Written by Jane Harris No Gravatar

Tonight the host of our homestay took us to a local Theyyam ceremony in which a dancer invites a god to possess his body in order to bless a temple and purify it for the coming year. This is considered vital for the spiritual and physical well-being of the local community.

Theyyam predates Hinduism. It was originally practised in southern India’s central mountains. When tribes people were brought down from mountains to work in the coastal areas the practice persisted in just a few families within the lowest of four castes. Theyyam is thought to have links with voodoo and other forms of shamanism.

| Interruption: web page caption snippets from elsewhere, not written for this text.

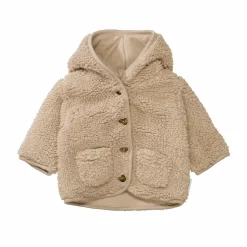 Clearance Plüschjacke Winterkleidung|Jacken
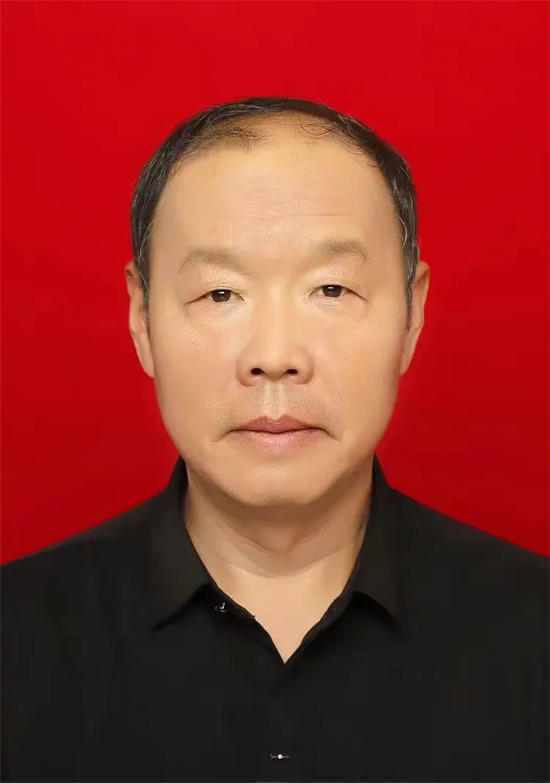 中国实力派著名书法家靳效武——书法作品鉴赏【人物艺术专访】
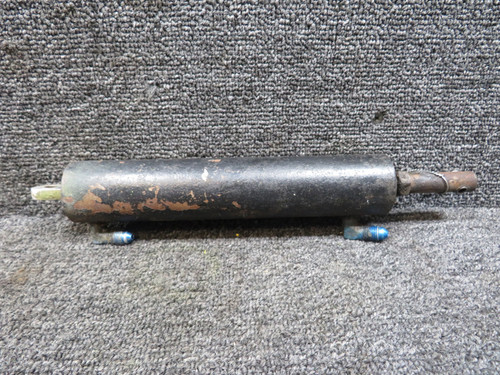 195551 Bellanca 17-30A Main Gear Drag Cylinder Assembly (Worn)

Theyyam is not entertainment or theatre, and may never be performed on a stage, but typically takes place during an annual festival running from end December to May. During festival season the ceremonies start at four in the afternoon and end at around eight the following morning – with the dancer making a number of scheduled appearances throughout that time. It can take up to eight hours to apply the dancer’s elaborate make-up – comprising patterns in yellow (turmeric); red (turmeric with limestone); white (rice powder); and black (burnt chaff from rice fields blended with coconut oil). The dancer typically sleeps throughout the make-up process.

Our visit fell outside of festival season so we saw one of the smaller ceremonies commissioned and funded by private individuals in thanks for the answering of a prayer. Typically prayers are made by women and relate to family matters such as the need to marry off a daughter or to build a new house. We were advised that it might be appropriate for us to to make a donation and although this was in no way obligatory the small temple office was more than equipped to take our money.

The ceremony was attended by maybe 25 local people and half as many Westerners again. In contrast to Hindu ceremonies, where offertories comprise flowers or fruit, the Theyyam ‘god’ is brought gifts of fish and alcohol – typically brandy. The ‘god’ will often take only a small sip of the alcohol himself then hand it back for consumption by the person who donated it as part of their devotion. A huge pile of empties at the back of the temple evidenced quite how devout the local community was.

Drummers signalled the start of the ceremony – with such ferocity that I worried about slight tinnitus for the rest of the evening. The dance featured the son of Shiva (born of Shiva and a Brahman but banished from the Brahman community and forced to live the life of a hunter). It lasted about an hour. Although the trance-like state required for the god to enter the dancer’s body was less than evident, the dancer and those supporting him displayed a precision of gesture that was captivating to watch. After the dance there were several hours of blessings. I am always unsure whether or not to move forward at such points. Is a matter of courtesy to do so or is it hypocrisy to imply a level of spiritual engagement that just isn’t there? Tonight I took the latter view, hailed a rickshaw and made my way back to the homestay.